ERIZZO
. Famiglia veneziana venuta da Capodistria, secondo alcuni nel 966, secondo altri nell'805, avrebbe fabbricato in Venezia la chiesa dei SS. Apostoli, che invece dalla tradizione è attribuita al vescovo opitergino S. Magno. Sembra che meritasse l'aggregazione all'ordine patrizio per essersi distinta nell'assedio di Zara, al tempo della prima ribellione, sotto il doge Domenico Contarini. Certo è che, con la Serrata del Gran Consiglio (1297), essa vi restò inclusa. Gli E. erano in genere dediti al commercio, ma molti furono anche podestà, capitani di terra e di mare, provveditori e procuratori, e uno di essi giunse alla suprema dignità ducale.
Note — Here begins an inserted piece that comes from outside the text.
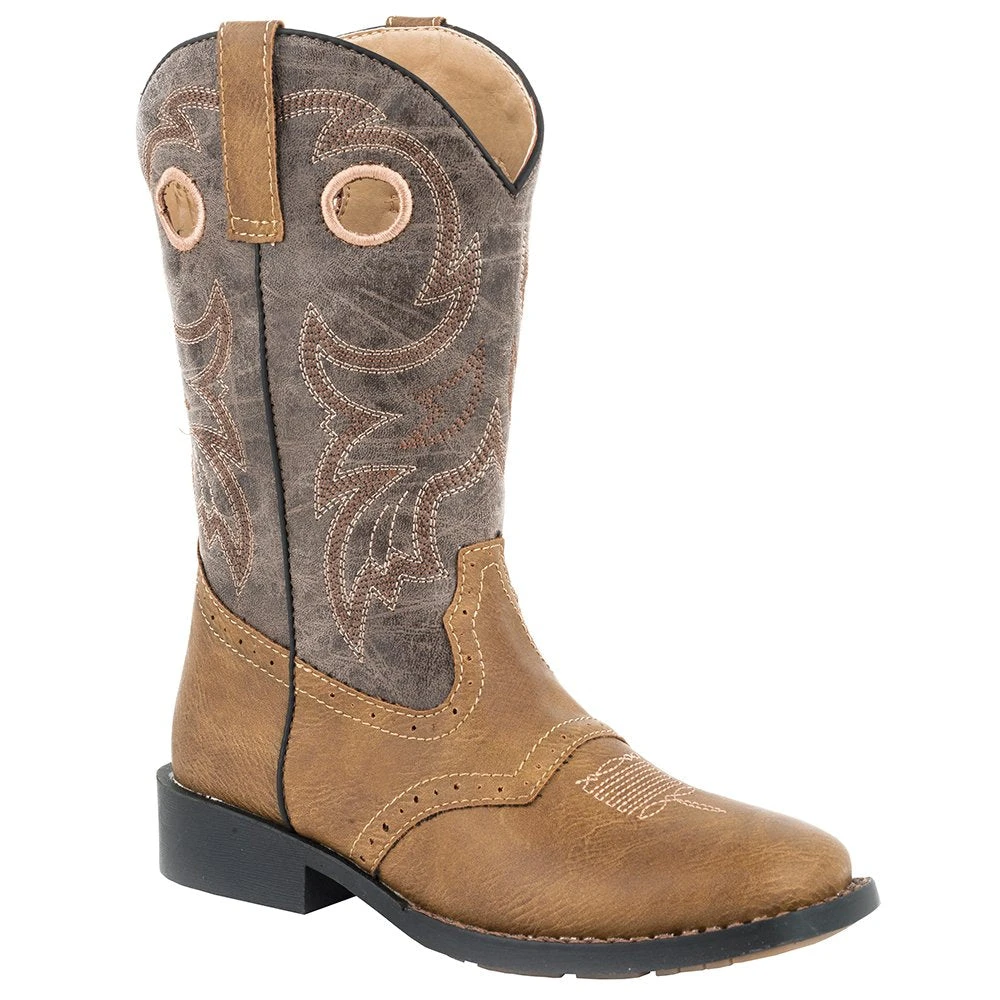 Roper Footwear Kids Vintage Tan Vamp With Saddle Vamp Cowboy Boot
Nel sec. XV, un Battista fu capitano delle galere a Beirut e podesta a Conegliano; un Antonio provveditore a Chioggia, podestà a Vicenza, Verona, Padova, procuratore di S. Marco. Ma chi immortalò il nome di E. fu Paolo, che, dopo avere eroicamente difesa Negroponte, arresosi a patto d'aver salva la vita, fu con crudele malafede fatto segare in due da Maometto II (1470). La leggenda secondo cui la figlia Anna, piuttosto che prostituire il suo onore al vincitore, avrebbe preferito di uccidersi, diede luogo alle tragedie di Vincenzo Formaleoni (1783), Giuseppe Padini (1856), Antonio Dall'Acqua Giusti (1858).
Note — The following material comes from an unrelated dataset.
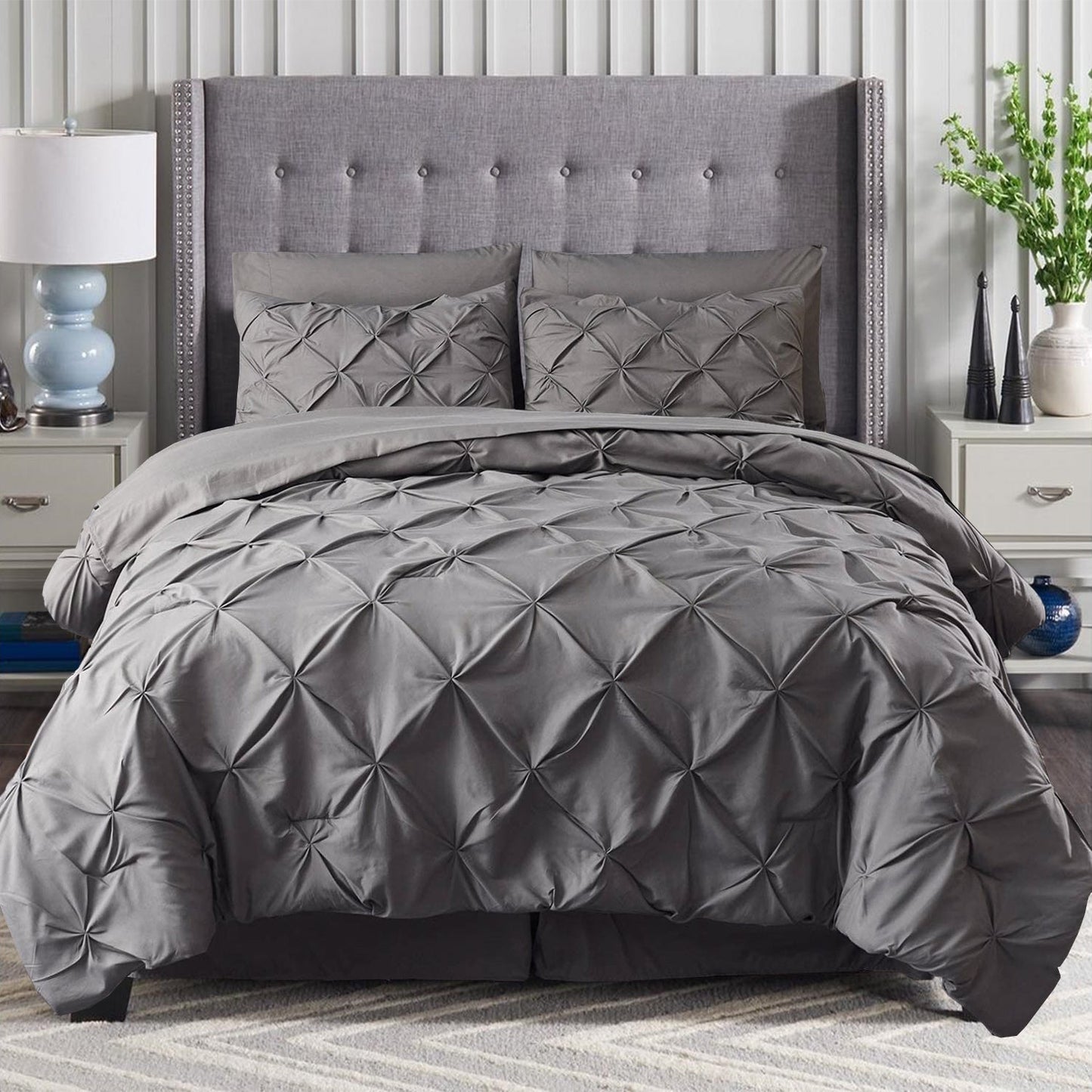 Mocassi 8 Piece Pintuck Comforter- Pinch Pleated Comforter Set Includes Sheet Set with Storage Pockets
Nel sec. XVI Giambattista fu vicedoge, nell'interregno fra la morte di Leonardo Loredan (21 giugno 1521) e l'elezione di Antonio Grimani (4 luglio 1521). Nel sec. XVII, campeggia la figura del doge Francesco (v.). Nel sec. XVIII, Niccolò, piuttosto di deporre la parrucca di recente introduzione in Venezia, si lasciò diseredare dal padre, rappresentante dell'opinione generale contraria a tale moda (condannata, poi, dalla legge del 7 maggio 1708). Andrea e Guido, nel 1707 trasportavano l'Accademia di economia politica e giurisprudenza, fondata da poco in palazzo Farsetti, nel loro palazzo di S. Martino (gli E. ne possedevano un altro alla Maddalena), dove rimase fino alla caduta della Repubblica, col nome di Accademia Erizzo. Ultimi della famiglia furono: Niccolò I, che dopo la battaglia di Borghetto venne inviato con Francesco Battaggia (2 giugno 1706), quale savio di Collegio ad assistere il Foscarini, provveditore generale a Verona, nelle vane trattative col Bonaparte, e che, in mezzo alla montante marea rivoluzionaria, stette decorosamente al suo posto quale provveditore straordinario di Vicenza, Padova e Polesine: e Niccolò II Guido, patrono dell'arsenale, savio sopra i conti, savio di terraferma, che, caduta la Repubblica, si conservò fiero avversario della democrazia e riprese a servire la sua città, quando sotto le dominazioni straniere, essa s'acquietò nell'ordine, scrivendo anche per la sua conservazione un'apprezzata Memoria sui fiumi veneti. Con lui, morto nel 1847, la famiglia E. si estinse.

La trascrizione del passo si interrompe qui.